As CEO at Martin Marietta, Augustine brokered the merger of that company with Lockheed to produce Lockheed Martin and got taxpayers to subsidize nearly a billion dollars of the merger cost, including tens of millions in bonuses for executives (Augustine netted over $8 million). And then the merged company laid off thousands of workers. The promised efficiencies and cost savings to the government (and taxpayers) have yet to materialize. Lockheed Martin is is now the largest of the big defense contractors, yet its government contracts are hardly limited to weapons systems. While Lockheed has broadened its services, it is dependent on the government and the taxpayers for its profits.

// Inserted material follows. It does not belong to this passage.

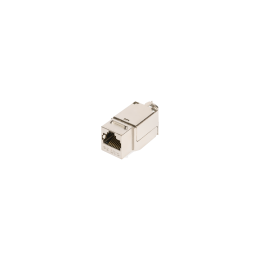 Модуль Keystone, Кат.5e, RJ45/8P8C, для FT-TOOL, экран., металлик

It's also #1 on the " 'contractor misconduct' database" which tracks contract abuse and misconduct.

Meanwhile, while Norm Augustine touts the need for more STEM graduates (Science, Technology, Engineering and Math) and STEM teachers for public schools, Lockheed is laying off thousands of

engineers. Research studies show there is no STEM shortage, but Augustine says (absurdly) that it’s critical to American economic “competitiveness.” A 2004 RAND study “found no consistent and convincing evidence that the federal government faces current or impending shortages of STEM workers...there is little evidence of such shortages in the past decade or on the horizon.”

The RAND study concluded “if the number of STEM positions or their attractiveness is not also increasing” –– and both are not –– then “measures to increase the number of STEM workers may create surpluses, manifested in unemployment and underemployment.” A 2007 study by Lowell and Salzman found no STEM shortage (see: ). Indeed, Lowell and Salzman found that “the supply of S&E-qualified graduates is large and ranks among the best internationally. Further, the number of undergraduates completing S&E studies has grown, and the number of S&E graduates remains high by historical standards.”

The “education system produces qualified graduates far in excess of demand.” Lowell and Salzman concluded that “purported labor market shortages for scientists and engineers are anecdotal and also not supported by the available evidence...The assumption that difficulties in hiring is just due to supply can have counterproductive consequences: an increase in supply that leads to high unemployment, lowered wages, and decline in working conditions will have the long-term effect of weakening future supply.” Lowell and Salzman noted that “available evidence indicates an ample supply of students whose preparation and performance has been increasing over the past decades.”


November 4, 2013 at 5:55 PM

By: Kathy Barker

STEM content and defense departments

There is so much more to science than the science dictated by weapons makers. The defense contractors are all on the reform wagon, and are looking to groom a particular kind of young scientist. Get military and defense contractors out of science.